Mi sa che ti debbo spiegare Alessio.
Oddio, una festa è come una barzelletta e se la spieghi...
Comunque oggi è festa nazionale il 25 aprile, san Marco.
Ok, confesso, non è festa nazionale perché è San Marco, ho esagerato un pochettino approfittando del fatto che ancora non sapevi leggere, ma per me queste giornate insieme soli io e te, con la mamma al lavoro, cancellano tutto ciò che c'è intorno.
Ma non divaghiamo.
Il 25 aprile è la festa della Liberazione e se ci pensi non c'è niente di più importante della libertà.

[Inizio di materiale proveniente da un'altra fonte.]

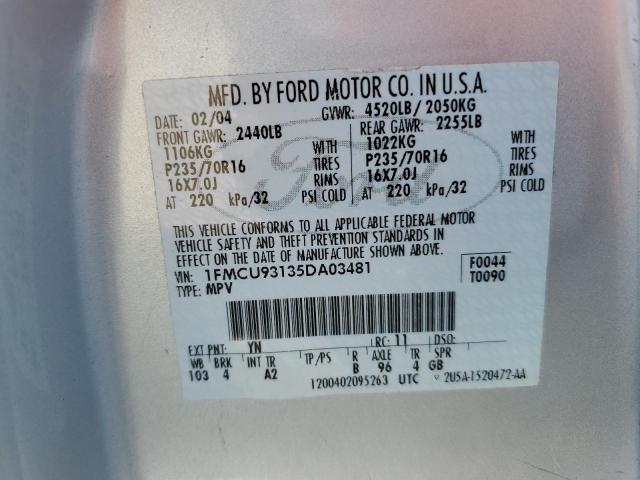 1FMCU93135DA03481 - 2005 FORD ESCAPE XLT SILVER photo 13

Infatti volevo chiamarti Libero, ma questa è  un'altra storia.
Festa della  Liberazione, dicevo eppure girando per il paese, oggi, di segni della festa proprio non ne ho visti. Cercavo un tricolore, un festone al monumento dei caduti che se ce ne sono addirittura due in un paesello come Casnate con Bernate vorrà pur dire che qualcosa quelle pietre hanno significato per chi ha costruito il borgo.
Evidentemente al mio sindaco la libertà non piace, o piace poco. Ma quando tu saprai leggere sarà passato anche lui.
Non ti spiego cose lette nei libri, ma soltanto quelle che so davvero.
Il tuo bisnonno, Luciano, festeggiava il 25 aprile perché per lui, deportato in Germania per avere aiutato ad andare in Svizzera persone che rischiavano la vita, quel giorno si riaccese la speranza. Tornare a  casa, in famiglia, invece di finire la sua vita in un lager.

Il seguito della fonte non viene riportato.